Sarah Kirsch, managing director of housing funds at the CFGA, said approximately $20 million of this investment will be utilized by the end of the year, helping create 600 units of affordable housing to add to Atlanta’s pipeline.

“It is a public-private-nonprofit-philanthropic partnership that makes this happen,” Kirsch said. “But the core to that is public. You only have your private and philanthropic resources willing to come to the table with the strength of leadership that’s being provided by the city, and by all the public partners represented today.”

Dickens aims to create or preserve a total 20,000 units of affordable housing in the city over a span of eight years. So far, 3,148 affordable housing units have been completed and an additional 4,802 units are currently in various stages of progression.
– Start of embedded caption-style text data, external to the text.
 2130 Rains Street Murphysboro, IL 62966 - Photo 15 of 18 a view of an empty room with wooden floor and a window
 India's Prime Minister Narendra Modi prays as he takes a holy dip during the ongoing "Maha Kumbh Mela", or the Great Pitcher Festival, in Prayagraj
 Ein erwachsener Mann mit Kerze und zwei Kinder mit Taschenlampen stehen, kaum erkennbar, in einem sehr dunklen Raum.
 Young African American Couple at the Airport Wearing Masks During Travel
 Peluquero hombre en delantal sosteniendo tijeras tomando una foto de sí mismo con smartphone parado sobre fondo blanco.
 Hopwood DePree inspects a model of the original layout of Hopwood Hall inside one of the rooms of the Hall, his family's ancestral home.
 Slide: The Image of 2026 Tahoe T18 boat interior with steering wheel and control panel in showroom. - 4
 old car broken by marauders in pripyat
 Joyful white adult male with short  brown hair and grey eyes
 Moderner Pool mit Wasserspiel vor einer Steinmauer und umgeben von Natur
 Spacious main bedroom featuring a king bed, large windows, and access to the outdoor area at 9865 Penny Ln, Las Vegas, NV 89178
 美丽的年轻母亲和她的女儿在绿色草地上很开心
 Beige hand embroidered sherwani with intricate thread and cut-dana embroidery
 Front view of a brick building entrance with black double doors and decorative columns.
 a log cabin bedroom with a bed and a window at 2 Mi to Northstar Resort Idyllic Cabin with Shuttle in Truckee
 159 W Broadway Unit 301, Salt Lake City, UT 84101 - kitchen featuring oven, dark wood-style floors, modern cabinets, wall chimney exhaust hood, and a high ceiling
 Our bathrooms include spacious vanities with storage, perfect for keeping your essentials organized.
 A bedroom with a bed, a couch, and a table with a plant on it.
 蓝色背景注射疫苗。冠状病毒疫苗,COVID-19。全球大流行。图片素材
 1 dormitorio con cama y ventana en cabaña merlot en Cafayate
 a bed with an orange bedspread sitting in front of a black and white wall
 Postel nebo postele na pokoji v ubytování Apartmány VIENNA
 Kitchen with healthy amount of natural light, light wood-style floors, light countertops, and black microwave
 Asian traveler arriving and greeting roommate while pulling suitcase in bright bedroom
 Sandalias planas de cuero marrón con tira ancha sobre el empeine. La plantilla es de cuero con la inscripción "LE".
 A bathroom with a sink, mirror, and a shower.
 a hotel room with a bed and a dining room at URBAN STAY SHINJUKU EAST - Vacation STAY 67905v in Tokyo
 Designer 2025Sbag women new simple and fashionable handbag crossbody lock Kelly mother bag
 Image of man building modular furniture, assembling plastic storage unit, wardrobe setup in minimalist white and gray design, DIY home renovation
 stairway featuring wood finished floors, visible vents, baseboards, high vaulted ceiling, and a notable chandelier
About 1,500 units are on track to close this year.

Dickens said that ensuring Atlanta’s population has access to proper housing will lay the framework for an improved quality of life among residents in other key areas.

“Even before my time as mayor, affordable housing has been one of my most significant priorities,” Dickens said. “We know that increasing the amount of safe, stable and affordable housing will provide significant benefits throughout our community, increased economic mobility and reduction in crime, better health outcomes (and) higher educational achievement.”

Dickens’ administration is also making strides to set the city’s rapid housing initiative into motion and improve its housing preservation tactics, assisting residents who have fallen into homelessness as well as those financially cornered into shoddy and unsafe living conditions. 

His team will develop quick-delivery housing units and relevant supportive services as part of a $4 million investment and partnership with local nonprofit Partners for HOME. Shipping containers purchased from the Georgia Emergency Management Agency will be transformed into temporary rapid-housing units for Atlanta’s unhoused population.

The mayor said that the city will be able to house 40 individuals in Downtown by Christmas and aims to produce a minimum of 500 quick-delivery units by the end of 2025. He also said that the initiative will begin Downtown and eventually spread to other sections of the city.

As for residents trapped in dilapidated housing, Dickens said his agenda pressures property managers of existing affordable housing communities to supply their tenants with safe and habitable living conditions.

“They can’t afford to leave, but they also can’t afford to stay,” Dickens said about residents living in decrepit and unstable housing conditions, like those witnessed from southeast Atlanta’s Forest Cove apartments. “This is why our affordable housing initiatives also include a specific focus on the retention of units that are both sometimes substandard right now, and for those (residents) that are at risk of being priced out.”

With the help of the Atlanta City Council, Dickens’ administration has dedicated $800,000 to expanding the Atlanta Police Department’s enforcement of the city’s housing code. The mayor said 17 property interventions have occurred so far this year.

“We must ensure that no other property in Atlanta becomes the next Forest Cove,” Dickens said.

The mayor also said that his team is working to increase Atlanta’s existing housing stock while ushering new life into an already prosperous section of the city. Two Peachtree, a 41-story office building from the 1970s, will be converted into a mixed-income residential property capable of adding more than 400 housing units to Atlanta’s supply, about half of which will be reserved for affordable housing.

The City of Atlanta Housing Help Center, officially announced by the mayor’s office in May, is located on Two Peachtree Street’s ground floor and will facilitate Atlanta residents’ access to affordable housing resources. 

“We’re excited to launch this new office and provide yet another tool for our residents to get the help that they need,” Dickens said in closing remarks. “There’s always more work for us to do, so we will relentlessly move forward in pursuit of our goals.”